JSON (array and JSON Lines)¶
How JSON values map to typed columns (including nested objects and maps) is summarized in SUPPORTED_TYPES (JSON (RFC 8259) vs column types).
Naming: read_json vs read_ndjson vs materialize_json¶
| API | Role | Layout |
|---|---|---|
DataFrameModel.read_json / DataFrameModel.read_ndjson |
Typed lazy DataFrame / DataFrameModel (same Polars path). |
JSON Lines only — read_json is an alias of read_ndjson. |
materialize_json |
Eager dict[str, list] read (from pydantable import materialize_json). |
Detects array [{...}, ...] or JSON Lines in one file. |
Internals: untyped lazy scans return a raw pydantable_native._core.ScanFileRoot; that layer lives in the pydantable.io implementation package—application code should use DataFrameModel / DataFrame classmethods or import helpers from pydantable.

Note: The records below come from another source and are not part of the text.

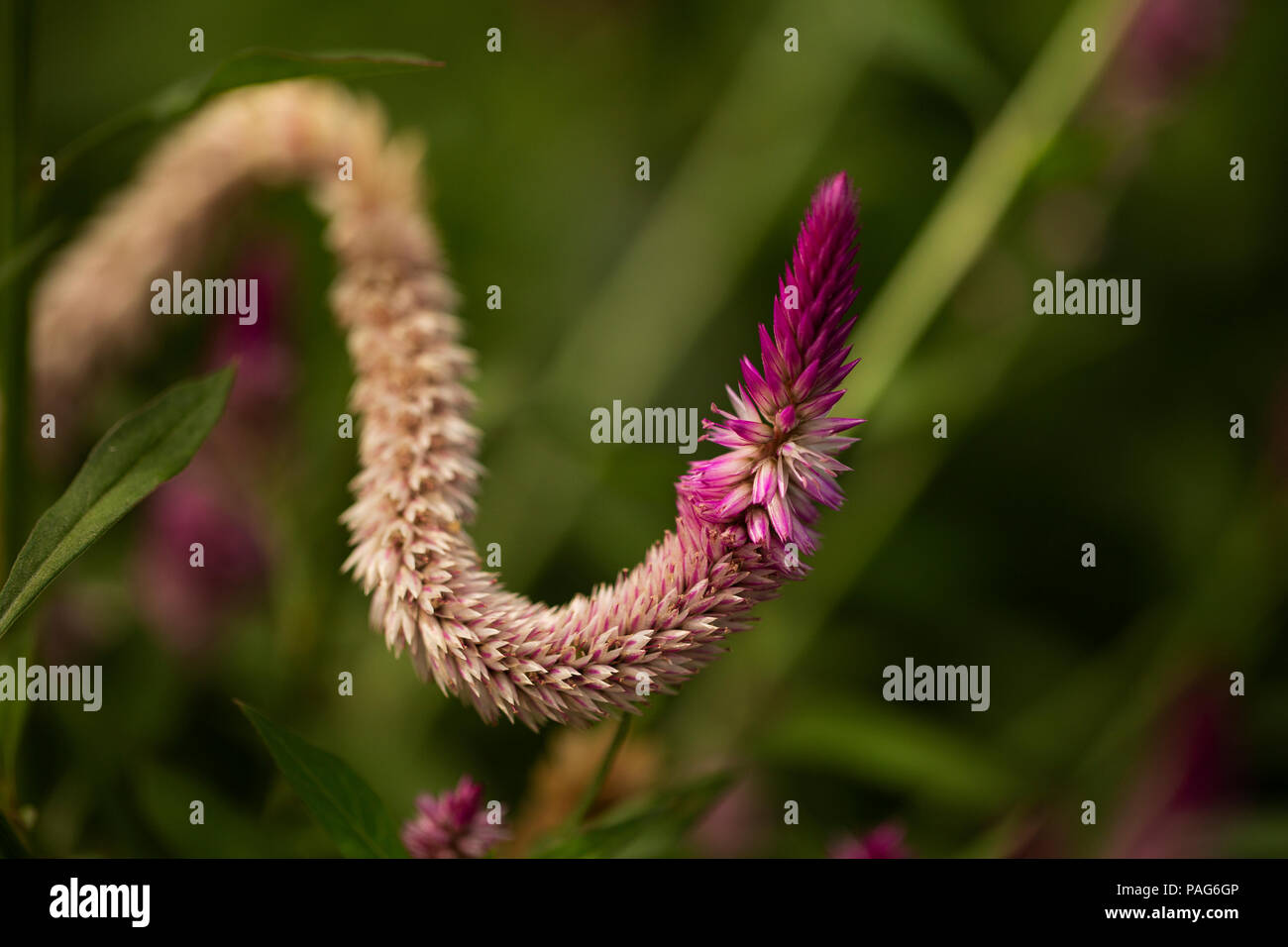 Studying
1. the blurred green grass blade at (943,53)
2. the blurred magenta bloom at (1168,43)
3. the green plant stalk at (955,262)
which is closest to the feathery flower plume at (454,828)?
the green plant stalk at (955,262)

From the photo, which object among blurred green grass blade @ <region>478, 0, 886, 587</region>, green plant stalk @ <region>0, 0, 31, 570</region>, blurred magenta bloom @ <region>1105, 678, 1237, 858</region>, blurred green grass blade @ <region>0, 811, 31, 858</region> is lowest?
blurred magenta bloom @ <region>1105, 678, 1237, 858</region>

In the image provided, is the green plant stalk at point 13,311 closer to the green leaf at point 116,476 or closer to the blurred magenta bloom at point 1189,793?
the green leaf at point 116,476

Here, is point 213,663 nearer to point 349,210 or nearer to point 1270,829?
point 349,210

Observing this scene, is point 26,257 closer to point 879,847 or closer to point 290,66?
point 290,66

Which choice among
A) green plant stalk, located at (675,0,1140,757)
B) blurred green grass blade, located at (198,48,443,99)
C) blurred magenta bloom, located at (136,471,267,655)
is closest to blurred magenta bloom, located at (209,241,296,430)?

There is no lazy scan for a single JSON array file in pydantable today — use materialize_json (or pydantable.io.iter_json_array for batched array processing after a full parse; iter_json_array is not on the root package—prefer lazy NDJSON or materialize_json).
Multi-file / directory: lazy read_json / read_ndjson follow the same JSON Lines path semantics (directories, *.jsonl globs, scan_kwargs including glob=True for API parity with read_csv / read_parquet). Polars uses LazyJsonLineReader; details and glob=False behavior: IO_NDJSON. JSON array files and array datasets in directories are not lazily scanned—use per-file materialize_json / iter_json_array, or convert to NDJSON (see Polars 0.53 vs pydantable scan audit).
Large files, memory, and entrypoint choice¶
Prefer lazy JSON Lines for big logs: DataFrameModel.read_ndjson / read_json (or DataFrame classmethods) keep work on a Polars LazyFrame until you DataFrame.collect, DataFrame.to_dict, or DataFrame.write_parquet / write_ndjson / etc. The full file is not loaded as a Python column dict first.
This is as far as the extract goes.